Using the Intel® FPGA Dynamic Profiler for DPC++

This FPGA tutorial demonstrates how to use the Intel® FPGA Dynamic Profiler for DPC++ to dynamically collect performance data from an FPGA design and reveal areas for optimization and improvement.

Note: This code sample is not yet supported in Windows*.

Optimized for	Description
OS	Ubuntu* 20.04 RHEL/CentOS 8 SUSE* 15
Hardware	Intel® Agilex® 7, Agilex® 5, Arria® 10, Stratix® 10, and Cyclone® V FPGAs
Software	Intel® oneAPI DPC++/C++ Compiler
What you will learn	About the Intel® FPGA Dynamic Profiler for DPC++ How to set up and use this tool A case study of using this tool to identify performance bottlenecks in pipes.
Time to complete	15 minutes

Note: This sample has been tuned to show the results described on Arria 10 devices. While it compiles and runs on the other supported devices, the hardware profiling results may differ slighly from what is described below.

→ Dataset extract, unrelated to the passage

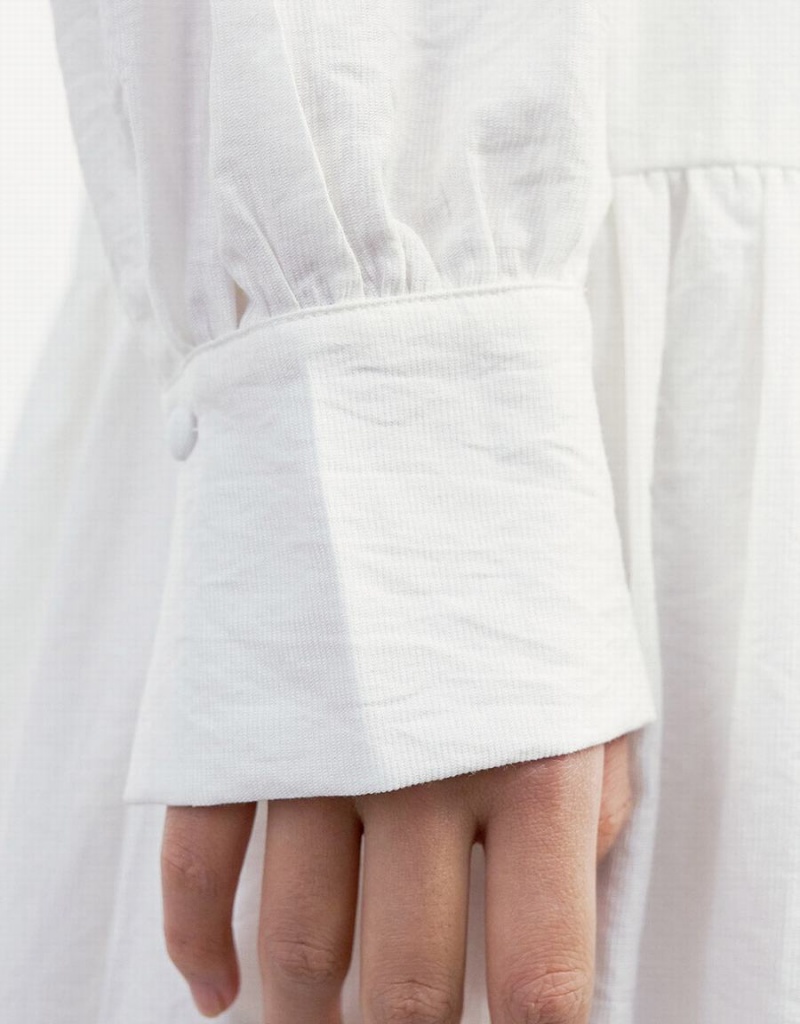 White Women's Urban Revivo Plain Frill Trim Puff Sleeve Dress | GEW479SR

Note: Even though the Intel DPC++/C++ oneAPI compiler is enough to compile for emulation, generating reports and generating RTL, there are extra software requirements for the simulation flow and FPGA compiles.

For using the simulator flow, Intel® Quartus® Prime Pro Edition (or Standard Edition when targeting Cyclone® V) and one of the following simulators must be installed and accessible through your PATH:

Questa*-Intel® FPGA Edition

Questa*-Intel® FPGA Starter Edition

ModelSim® SE

When using the hardware compile flow, Intel® Quartus® Prime Pro Edition (or Standard Edition when targeting Cyclone® V) must be installed and accessible through your PATH.

⚠️ Make sure you add the device files associated with the FPGA that you are targeting to your Intel® Quartus® Prime installation.

Prerequisites

This sample is part of the FPGA code samples. It is categorized as a Tier 3 sample that demonstrates the usage of a tool.

flowchart LR
   tier1("Tier 1: Get Started")
   tier2("Tier 2: Explore the Fundamentals")
   tier3("Tier 3: Explore the Advanced Techniques")
   tier4("Tier 4: Explore the Reference Designs")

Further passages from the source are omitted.